Going to war in Iraq was the wrong thing to do, voters say 62 – 33 percent, and disapprove 69 – 27 percent of the president’s handling of the war, also a record low.
Voters also disapprove 53 – 43 percent of the way Bush is handling terrorism. A total of 91 percent of voters are “very concerned” or “somewhat concerned” about terrorism in New Jersey.
“Democrats in New Jersey drag the President's approval rating down to an historic low. His handling of the Iraq war explains some of the low voter support,” Richards said.
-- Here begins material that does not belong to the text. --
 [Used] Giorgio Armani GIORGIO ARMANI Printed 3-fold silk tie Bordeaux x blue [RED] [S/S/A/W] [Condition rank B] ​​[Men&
Among New Jersey Democrats, 48 percent would like to see New York Sen. Hillary Clinton nominated for president in 2008, followed by 15 percent for Massachusetts Sen. John Kerry and 10 percent each for former North Carolina Sen. John Edwards and Delaware Sen. Joseph Biden.
Former New York City Mayor Rudolph Giuliani is the ’08 presidential choice of 57 percent of Republicans, followed by Arizona Sen. John McCain with 25 percent.
In a possible presidential matchup in New Jersey, Giuliani beats Clinton 53 – 39 percent and Sen. McCain tops Clinton 54 - 39 percent.
From March 8 - 14, Quinnipiac University surveyed 1,147 registered voters with a margin of error of +/- 2.9 percentage points. The survey includes 380 Republicans with a margin of error of +/- 5 percentage points and 416 Democrats with a margin of error of +/- 4.8 percentage points.